Мы распрощались и репортаж я завершаю отрывком из стихотворения Агнии Барто:

Возвратился я из Крыма,

Мне домой необходимо!

Где высокий серый дом?

У меня там мама в нём!

Постовой ответил Сёме:

— Вы мешали на пути,

Вас решили в вашем доме

В переулок отвезти.

Поищите за углом! —

И найдёте этот дом.


Я пошел дальше, испытывая странные чувства. Ну отчасти, было радостно что есть подход к вяземским газетчикам. Не сомневался, что кроме мошенничества умею и могу работать репортером.

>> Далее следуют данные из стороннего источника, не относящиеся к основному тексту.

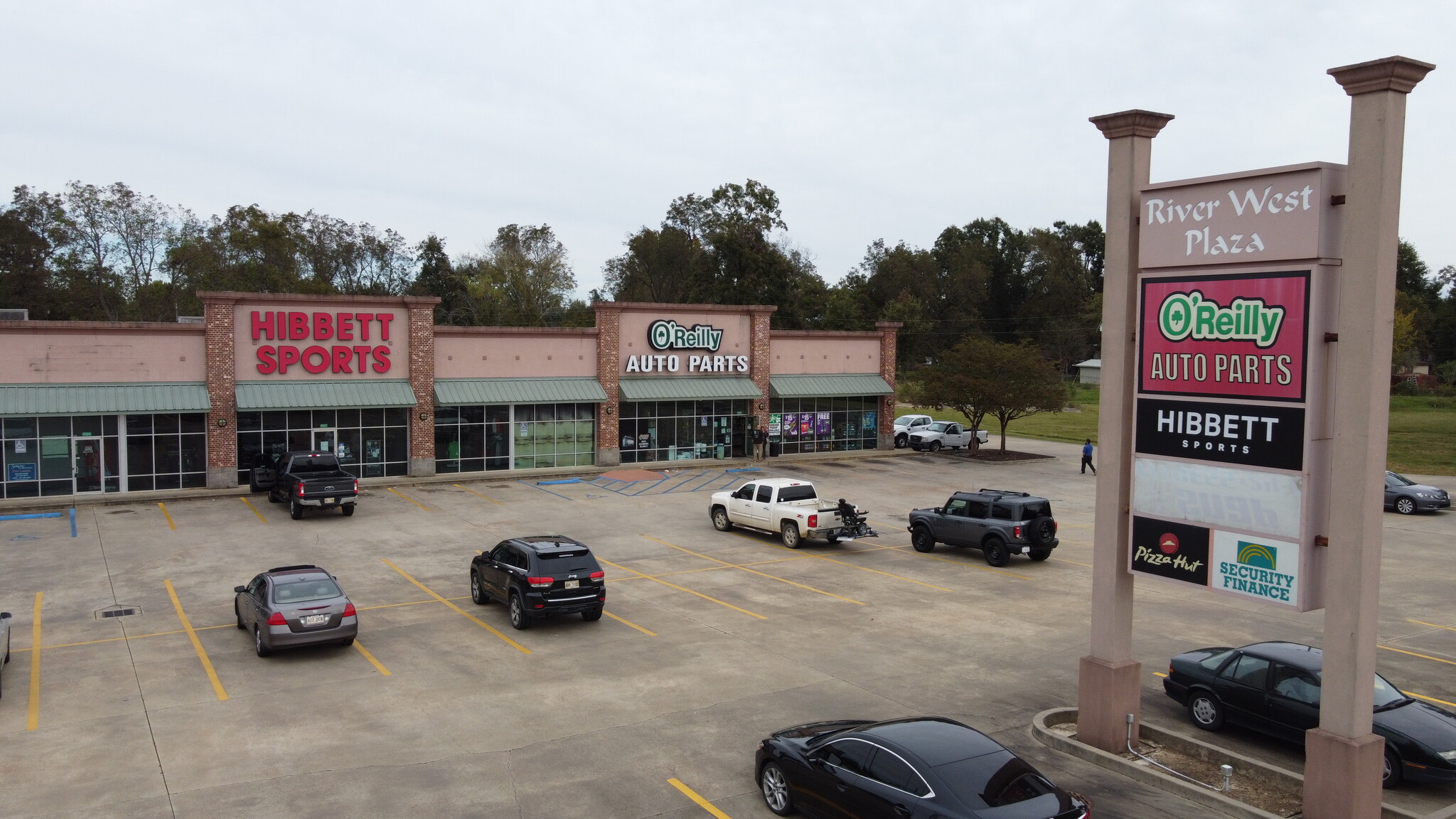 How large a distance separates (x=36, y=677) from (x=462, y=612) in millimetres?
7014

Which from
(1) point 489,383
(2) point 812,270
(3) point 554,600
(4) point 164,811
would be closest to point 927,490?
(1) point 489,383

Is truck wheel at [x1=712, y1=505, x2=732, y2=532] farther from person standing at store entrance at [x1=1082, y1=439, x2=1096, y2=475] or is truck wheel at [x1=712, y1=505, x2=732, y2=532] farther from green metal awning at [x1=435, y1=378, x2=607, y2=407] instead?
person standing at store entrance at [x1=1082, y1=439, x2=1096, y2=475]

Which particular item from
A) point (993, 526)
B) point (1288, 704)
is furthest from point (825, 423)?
point (1288, 704)

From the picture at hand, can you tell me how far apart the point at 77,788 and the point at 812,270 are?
4728 inches

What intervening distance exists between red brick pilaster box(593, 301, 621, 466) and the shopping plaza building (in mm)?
71

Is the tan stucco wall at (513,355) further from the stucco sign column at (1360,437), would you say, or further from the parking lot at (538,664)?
the stucco sign column at (1360,437)

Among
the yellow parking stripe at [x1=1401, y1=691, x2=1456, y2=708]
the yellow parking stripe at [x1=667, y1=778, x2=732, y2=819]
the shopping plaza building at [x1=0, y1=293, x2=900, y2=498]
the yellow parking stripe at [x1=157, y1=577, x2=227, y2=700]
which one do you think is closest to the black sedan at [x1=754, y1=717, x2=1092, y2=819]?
the yellow parking stripe at [x1=667, y1=778, x2=732, y2=819]

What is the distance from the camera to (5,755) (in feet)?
40.9

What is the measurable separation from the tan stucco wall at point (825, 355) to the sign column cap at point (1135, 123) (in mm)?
33722

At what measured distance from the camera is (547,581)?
59.6 ft

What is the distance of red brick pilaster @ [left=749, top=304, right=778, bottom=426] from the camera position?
4603 cm

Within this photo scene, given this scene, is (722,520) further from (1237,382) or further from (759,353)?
(1237,382)

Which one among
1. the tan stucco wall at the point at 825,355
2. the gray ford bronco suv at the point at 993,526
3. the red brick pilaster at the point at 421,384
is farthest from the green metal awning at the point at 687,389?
the gray ford bronco suv at the point at 993,526

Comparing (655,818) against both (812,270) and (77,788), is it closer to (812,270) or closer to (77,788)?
(77,788) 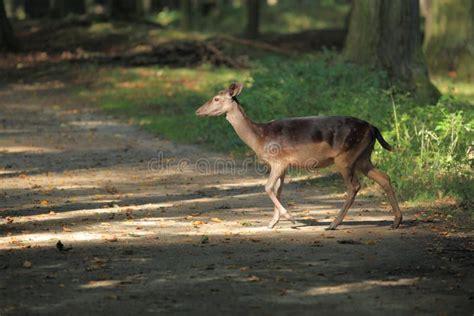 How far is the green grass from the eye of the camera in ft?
45.4

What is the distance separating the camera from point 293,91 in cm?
1945

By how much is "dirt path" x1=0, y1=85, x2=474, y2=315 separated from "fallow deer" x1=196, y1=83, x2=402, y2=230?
1.36 ft

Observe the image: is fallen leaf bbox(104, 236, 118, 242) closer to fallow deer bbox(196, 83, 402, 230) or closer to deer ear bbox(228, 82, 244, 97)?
fallow deer bbox(196, 83, 402, 230)

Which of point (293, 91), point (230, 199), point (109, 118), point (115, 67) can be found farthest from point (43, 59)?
point (230, 199)

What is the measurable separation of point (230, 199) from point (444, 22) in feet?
53.9

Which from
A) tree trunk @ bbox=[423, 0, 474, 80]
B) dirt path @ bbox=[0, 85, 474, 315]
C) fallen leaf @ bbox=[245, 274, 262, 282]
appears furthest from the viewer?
tree trunk @ bbox=[423, 0, 474, 80]

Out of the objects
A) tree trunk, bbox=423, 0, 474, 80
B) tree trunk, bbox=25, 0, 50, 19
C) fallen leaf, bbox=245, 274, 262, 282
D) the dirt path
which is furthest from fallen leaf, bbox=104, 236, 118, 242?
tree trunk, bbox=25, 0, 50, 19

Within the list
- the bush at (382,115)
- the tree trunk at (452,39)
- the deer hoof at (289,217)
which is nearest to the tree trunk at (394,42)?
the bush at (382,115)

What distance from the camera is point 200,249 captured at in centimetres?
1027

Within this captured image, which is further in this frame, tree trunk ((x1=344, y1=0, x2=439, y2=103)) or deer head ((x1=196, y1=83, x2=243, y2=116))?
tree trunk ((x1=344, y1=0, x2=439, y2=103))

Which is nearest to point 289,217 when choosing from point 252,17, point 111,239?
point 111,239

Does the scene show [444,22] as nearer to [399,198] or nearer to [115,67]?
[115,67]

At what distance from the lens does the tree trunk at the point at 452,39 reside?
28.1 meters

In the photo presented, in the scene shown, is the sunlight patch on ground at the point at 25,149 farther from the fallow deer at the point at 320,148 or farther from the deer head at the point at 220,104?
the fallow deer at the point at 320,148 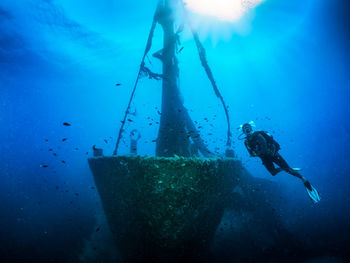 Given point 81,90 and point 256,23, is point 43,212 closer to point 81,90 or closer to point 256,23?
point 256,23

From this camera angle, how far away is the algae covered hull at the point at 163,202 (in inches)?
144

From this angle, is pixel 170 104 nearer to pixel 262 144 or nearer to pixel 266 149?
pixel 262 144

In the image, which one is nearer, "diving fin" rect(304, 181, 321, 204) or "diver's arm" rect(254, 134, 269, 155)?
"diving fin" rect(304, 181, 321, 204)

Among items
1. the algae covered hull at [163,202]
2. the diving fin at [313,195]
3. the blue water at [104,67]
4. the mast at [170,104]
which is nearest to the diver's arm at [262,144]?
the algae covered hull at [163,202]

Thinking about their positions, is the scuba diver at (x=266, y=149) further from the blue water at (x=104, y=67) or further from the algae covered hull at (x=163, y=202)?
the blue water at (x=104, y=67)

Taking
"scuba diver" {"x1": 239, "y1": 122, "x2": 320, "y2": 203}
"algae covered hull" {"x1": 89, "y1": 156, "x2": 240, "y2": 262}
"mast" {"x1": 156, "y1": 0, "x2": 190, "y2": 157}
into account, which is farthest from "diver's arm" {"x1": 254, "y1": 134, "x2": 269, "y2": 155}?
"mast" {"x1": 156, "y1": 0, "x2": 190, "y2": 157}

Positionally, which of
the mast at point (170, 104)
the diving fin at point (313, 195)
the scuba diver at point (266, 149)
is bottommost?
the diving fin at point (313, 195)

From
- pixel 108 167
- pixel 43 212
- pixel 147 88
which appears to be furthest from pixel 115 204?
pixel 147 88

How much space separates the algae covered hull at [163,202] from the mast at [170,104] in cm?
256

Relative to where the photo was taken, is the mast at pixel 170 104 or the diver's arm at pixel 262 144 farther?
the mast at pixel 170 104

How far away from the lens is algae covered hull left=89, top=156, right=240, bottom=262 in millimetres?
3666

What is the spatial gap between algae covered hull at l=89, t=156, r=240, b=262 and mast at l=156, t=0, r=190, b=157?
8.41ft

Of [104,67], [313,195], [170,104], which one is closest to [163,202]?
[313,195]

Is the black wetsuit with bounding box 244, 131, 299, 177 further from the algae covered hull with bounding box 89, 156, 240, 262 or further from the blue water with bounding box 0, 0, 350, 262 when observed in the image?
the blue water with bounding box 0, 0, 350, 262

А странным чувство было потому, что мне не хотелось быть аферистом. Как-то стыдно было выманивать деньги у глупых торгашей, когда рядом советские люди Двигали Дома! А эти торгаши при все их богатстве виделись жалкими существами, нищими и убогими на горе из бумажных и рваных рублей и трешек, не видящих идущую вокруг жизнь. Где-то двигали дома, строили плотины, запускали в космос ракеты, а они все копошились в этих пустых бумажках, в желании купить машину или норковую шубу.

Такие мысли были для меня внове и я решил зайти в ресторан и все обдумать за хорошим столом с выпивкой.

Загрузка...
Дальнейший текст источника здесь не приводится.